# Does anyone raise livestock???



## SouthernEssence (Oct 10, 2007)

I have a lil chicken farm here in Youngsville, NC.  I have 1 rooster and 23 hens, 5 different breeds.

Here's some pictures of chickens and eggs:


























And here's me...the chicken farmer:


----------



## Tabitha (Oct 11, 2007)

Those look like happy watermelon eating chickens!


----------



## SouthernEssence (Oct 11, 2007)

They ADORE watermelon.  It's their favorite treat.


----------



## Bret (Oct 11, 2007)

I love chickens! Nothing like farm fresh eggs. I boarded one of my horses at a place that had chickens. She had mostly Aracanas (the ones that have the blue-green eggs). One kept getting out and was frequently in my horse's stall. Good thing my mare didn't mind  

Now we have 6.7 acres, two horses, but can't have chickens. The only place is by the barn, and that's heavily wooded. We have too many fox, hawks and other predators. (Well, that, and hubby says no!  :roll:   )

They're great garbage disposals though. My mom and I would sometimes stop at McDonalds before we went, then throw them the left over fries. I helped the barn owner dig a butterfly garden, and they went nuts over the grass/dirt clumps. They're so fun to watch.


----------



## SouthernEssence (Oct 11, 2007)

I have 5 Easter Eggers which are Aruacana "mutts" but they still lay blue eggs.  You can kinda see the blue ones in the top picture.


----------



## dragonfly princess (Oct 11, 2007)

Um.....WOW you don't look like a farmer!  

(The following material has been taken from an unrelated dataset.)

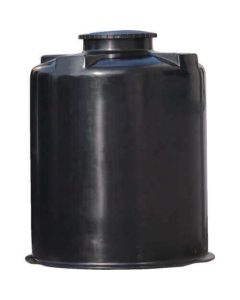 MC คอนเทนเนอร์ขนาดใหญ่ 750L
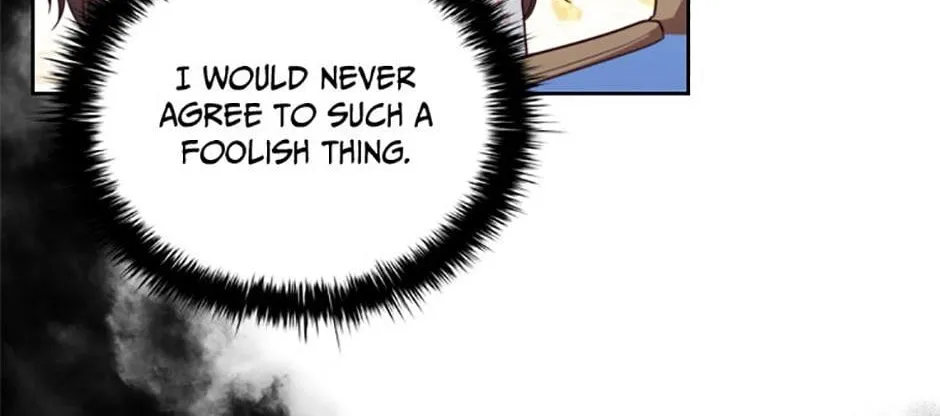 An Extra In The Family Is The First To Be Abandoned Zinmanga X Chapter 56 Page 27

I have 2 children, do they count as livestock?    :twisted:


----------



## SouthernEssence (Oct 11, 2007)

dragonfly princess said:
			
		

> Um.....WOW you don't look like a farmer!
> 
> I have 2 children, do they count as livestock?    :twisted:



Children?  Let's see, you feed them, house them, clean up after all their mess...yup livestock!    

Ok here's a picture that shows my true farmer side.  This is me and Bertha, she's my buddy:


----------



## dragonfly princess (Oct 11, 2007)

Ok that is a little more Farmer-ish 

Cute chicken!


----------



## Bret (Oct 11, 2007)

SouthernEssence said:
			
		

> I have 5 Easter Eggers which are Aruacana "mutts" but they still lay blue eggs.  You can kinda see the blue ones in the top picture.



I saw  Great, now I want eggs. The store bought just don't cut it, and I don't know anyone near me who has 'em. I'll have to ask my buddy at the feed store next time I go...


----------



## black squirrel (Oct 11, 2007)

That is a wonderful chicken yard.  My mom has chickens, I think 42, and they all have names!  Pet chickens are great. Her summer pullets have started laying and she has two that lay chocolate brown eggs that are just barely two inches long.  I though she had made them in a chocolate mold!  It is so nice not having to buy eggs, especially organic ones.


----------



## paupau (Oct 12, 2007)

I had a chicken named bertha as well. I love chickens. No farm, strickly city. I kept them in my bedroom. What were my parents thinking.


----------



## dragonfly princess (Oct 12, 2007)

Ok let me just tell you my thoughts on chickens and roosters.  THEY SCARE THE CRAP OUT OF ME!!!

My grandma used to live next to a guy that had chickens, and the "Head Rooster" didn't like me for some reason, he used to chase me everytime I came outside!  So I don't feel bad for eating them  :twisted:


----------